As vaccination rates have tapered off among adults, medical experts say a strong vaccination rate among young people may be the only way to obtain the roughly 70% level of overall vaccinations needed to reach herd immunity, a situation where community spread is significantly reduced.
The medical community is also in a race against time to get more young people and teens vaccinated in order to avoid new outbreaks of COVID-19 or virus variants when school resumes in the fall and thousands of children return to in-class learning.
“I do think that it’s still a fight on whether we can get enough people vaccinated by next fall before kids go back to school,” said Dr. David Basel, vice president for clinical quality at Avera Health. “That’s what keeps me up at night.”
"It’s still a fight on whether we can get enough people vaccinated by next fall before kids go back to school ... that’s what keeps me up at night.” -- Dr. David Basel, Avera Health
While teens and young adults are less likely to have severe symptoms or die of COVID-19, they can still have serious, lingering symptoms and contribute to the spread of the virus, healthcare leaders say.
Months after being considered recovered from the disease, teens who were healthy before contracting COVID-19 reported brain fog, fatigue, continued loss of taste and smell and issues with their kidneys or heart, said Dr. Shankar Kurra, vice president of medical affairs for Monument Health.
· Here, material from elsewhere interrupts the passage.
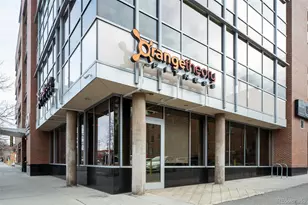 1631 N Emerson Street, Denver, CO 80218 - Photo 25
“We’re just beginning to understand better the [possible long-term effects of COVID-19] on children,” Kurra said. “Vaccinating is one of the keys to our future. Especially the young, upcoming generations who are the future of our state. Opening this up is the best thing for our state.”
Nikolos Sasse, a 16-year-old from Yankton, said his case of COVID-19 at first seemed like allergies. Diagnosed in December 2020, he had sniffles and headaches and felt very sick for about two weeks, but other effects have lingered.
Sasse said he felt achy and lacked energy for months after he was considered recovered. He almost passed out after his first wrestling match of the season because he couldn’t breathe. A few pulmonary tests showed that he had developed asthma because of COVID-19.
When Sasse’s age group was eligible for vaccines, he told his mom he wanted to get the shots.
“The big reason was for my family’s and others’ and for my own health,” he said. “I know us teens are some of the main spreaders.”
After his second and final dose, he had minimal side effects, but he felt some of his long-term COVID-19 symptoms ease, he said. He was able to breathe better and get through a track season with less use of his inhaler. Sasse is now looking forward to football season where he can hopefully continue to breathe easier.
“Once I heard that I might have the possibility of getting back into what I love doing, and if it keeps my family safe and gets me back to doing what I love, then yeah, I’m going to get the vaccine,” he said.
Sasse was one of hundreds of Yankton High School students who walked out to their vehicles in the school parking lot in May to find anti-vaccination fliers on their windshields. The fliers were printed from a Utah-based website and included now-debunked myths of side effects from the COVID-19 vaccine, including that the vaccine causes cancer, asthma, sterility and auto-immune brain damage. Sasse said he was “very confused” about the fliers and said he didn’t know why a group would want to “spread lies” to young adults.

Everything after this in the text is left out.